→ Exercise details
The answer must reproduce exactly the lines from the one with "Printed Pure Cotton" through the end of the material, and it must contain no pictures.

→ Dataset excerpts
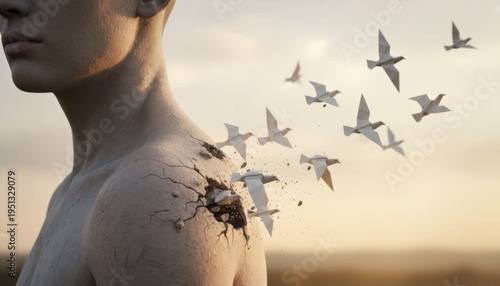 Artistic Human Shoulder Transformation Abstract Anatomy Concept for Health and Wellness Marketing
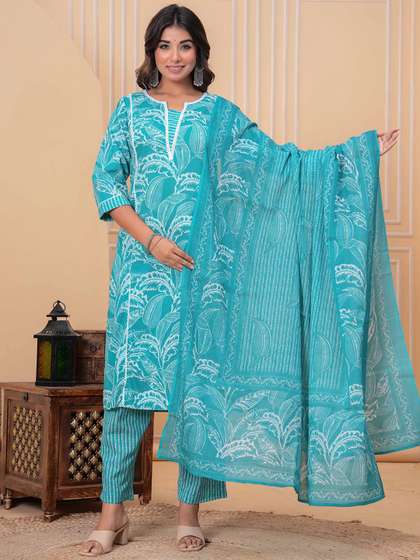 Chandbaali Floral
                        Printed Pure Cotton Straight Kurta With Trousers
                        & Dupatta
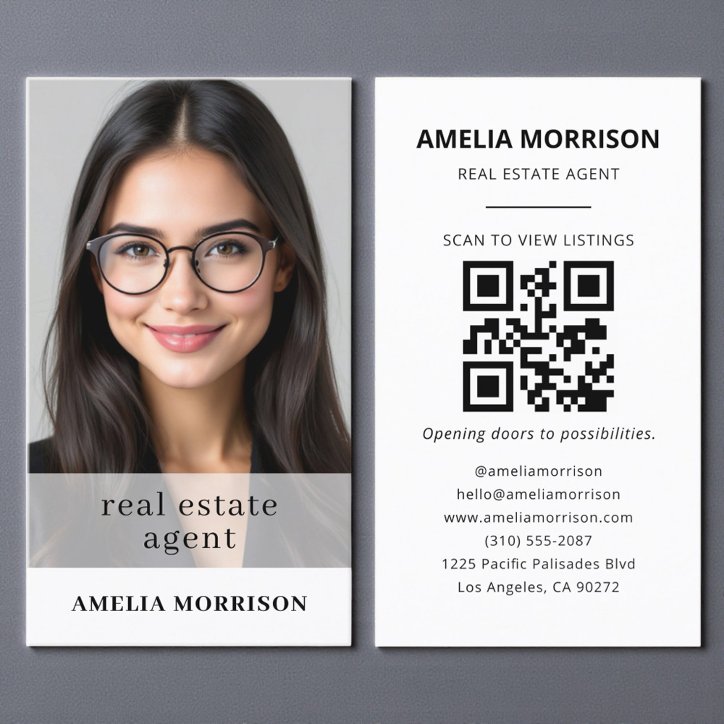 Minimalist Real Estate Agent QR Code Photo Business Card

→ Solved exercise
                        Printed Pure Cotton Straight Kurta With Trousers
                        & Dupatta
 Minimalist Real Estate Agent QR Code Photo Business Card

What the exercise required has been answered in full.